:: EXTRACTED DATA ::
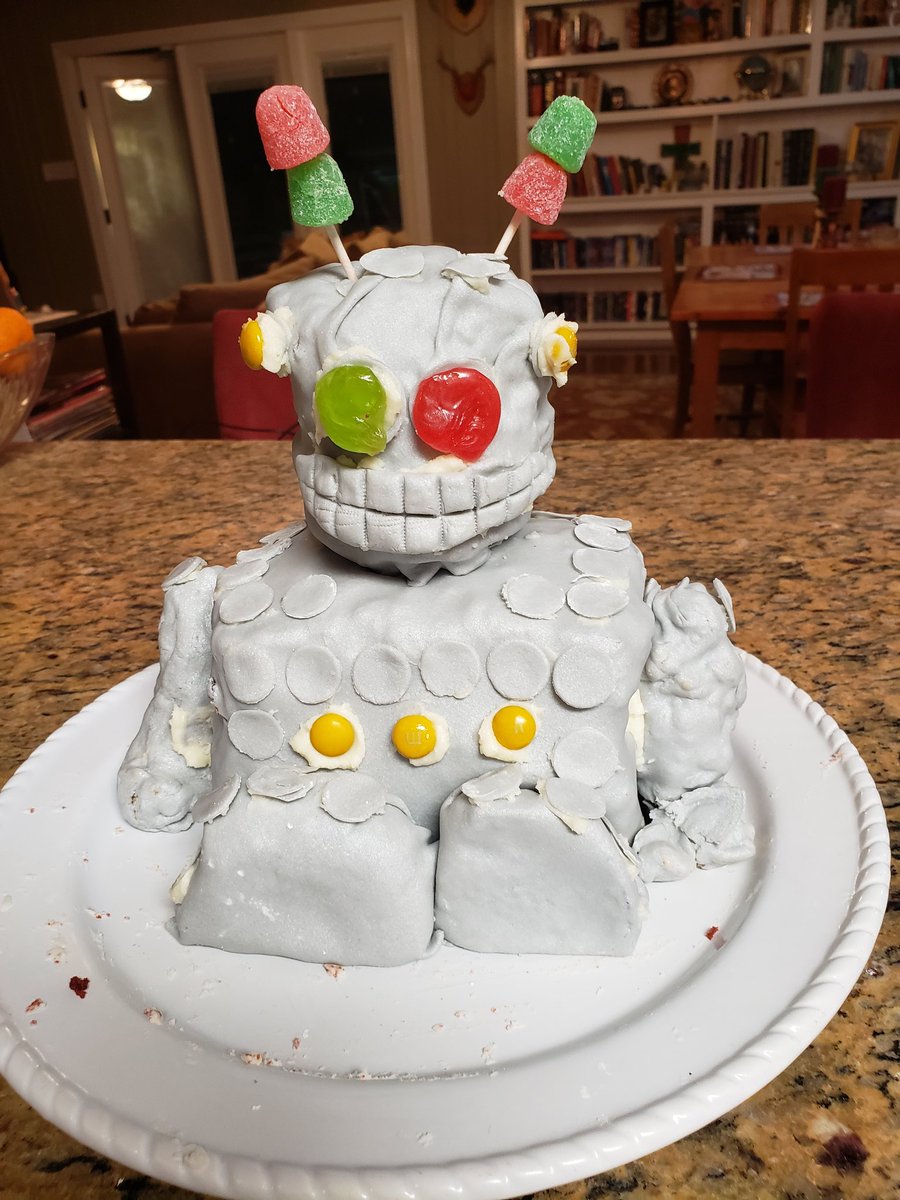 We #NailedItAtHome and had so much fun making this red velvet robot cake.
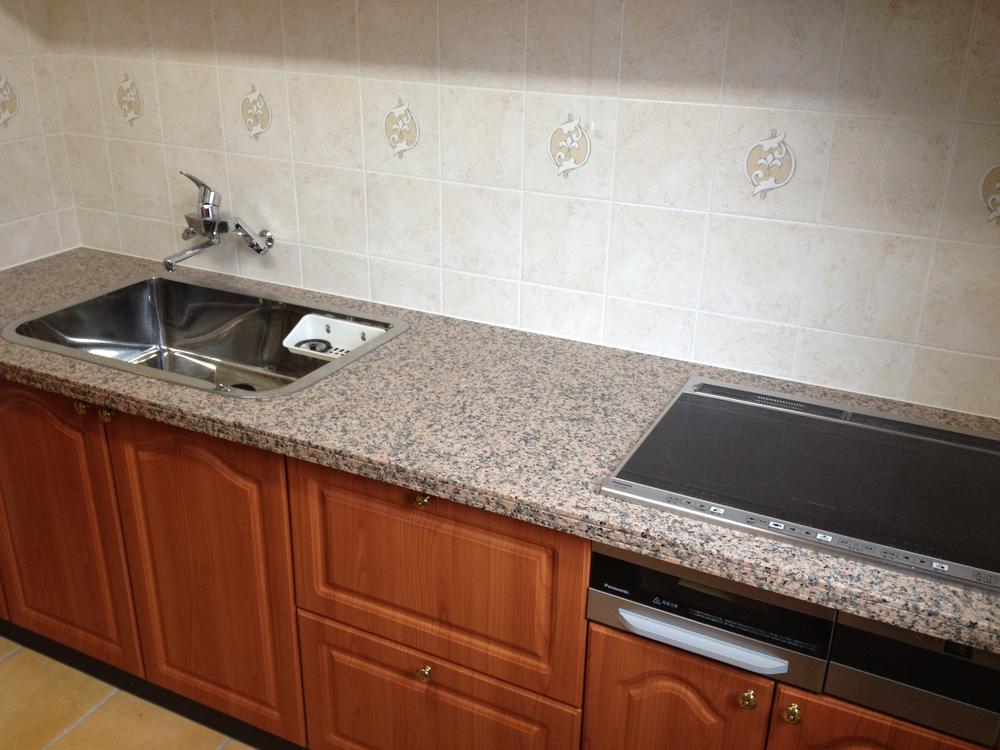 Kitchen. IH cooking heater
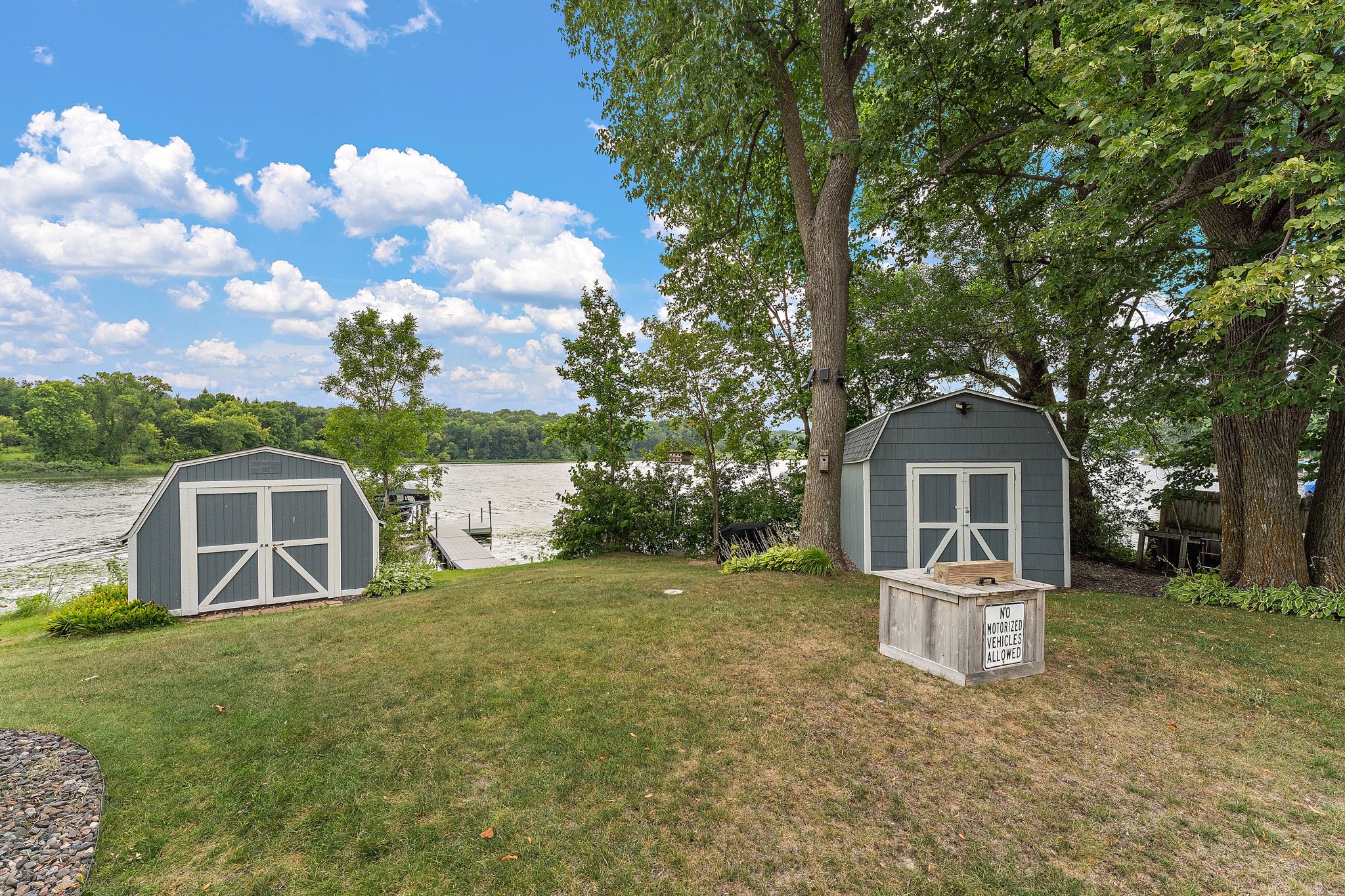 12218 Pickerel Point Property Photo 5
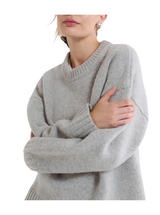 STUDIO SWEATER IN HEATHER GREY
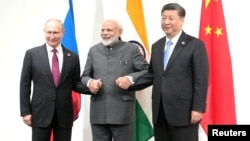 资料照片：俄罗斯总统弗拉基米尔·普京与印度总理纳伦德拉·莫迪和中国国家主席习近平在日本大阪的二十国集团（G20）峰会期间举行会晤。（2019年6月28日）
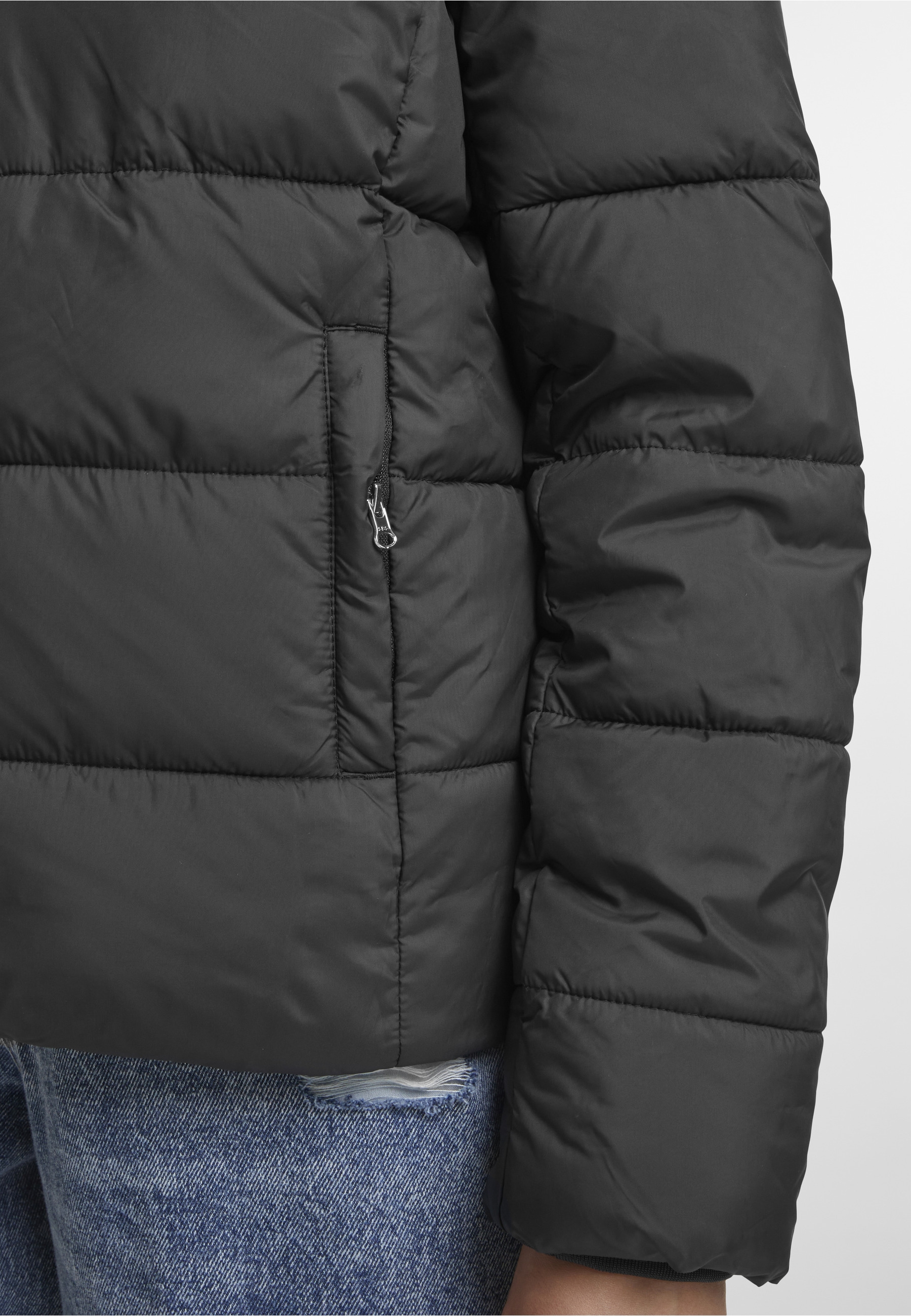 URBAN CLASSICS Winterjacke »Urban Classics Ladies Short Puffer Jacket With Hood« 1 Stk. tlg. mit Kapuze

:: TASK TO COMPLETE ::
Go through the material above and repeat it exactly. Omit the pictures.

:: OUTPUT ::
 We #NailedItAtHome and had so much fun making this red velvet robot cake.
 Kitchen. IH cooking heater
 12218 Pickerel Point Property Photo 5
 STUDIO SWEATER IN HEATHER GREY
 资料照片：俄罗斯总统弗拉基米尔·普京与印度总理纳伦德拉·莫迪和中国国家主席习近平在日本大阪的二十国集团（G20）峰会期间举行会晤。（2019年6月28日）
 URBAN CLASSICS Winterjacke »Urban Classics Ladies Short Puffer Jacket With Hood« 1 Stk. tlg. mit Kapuze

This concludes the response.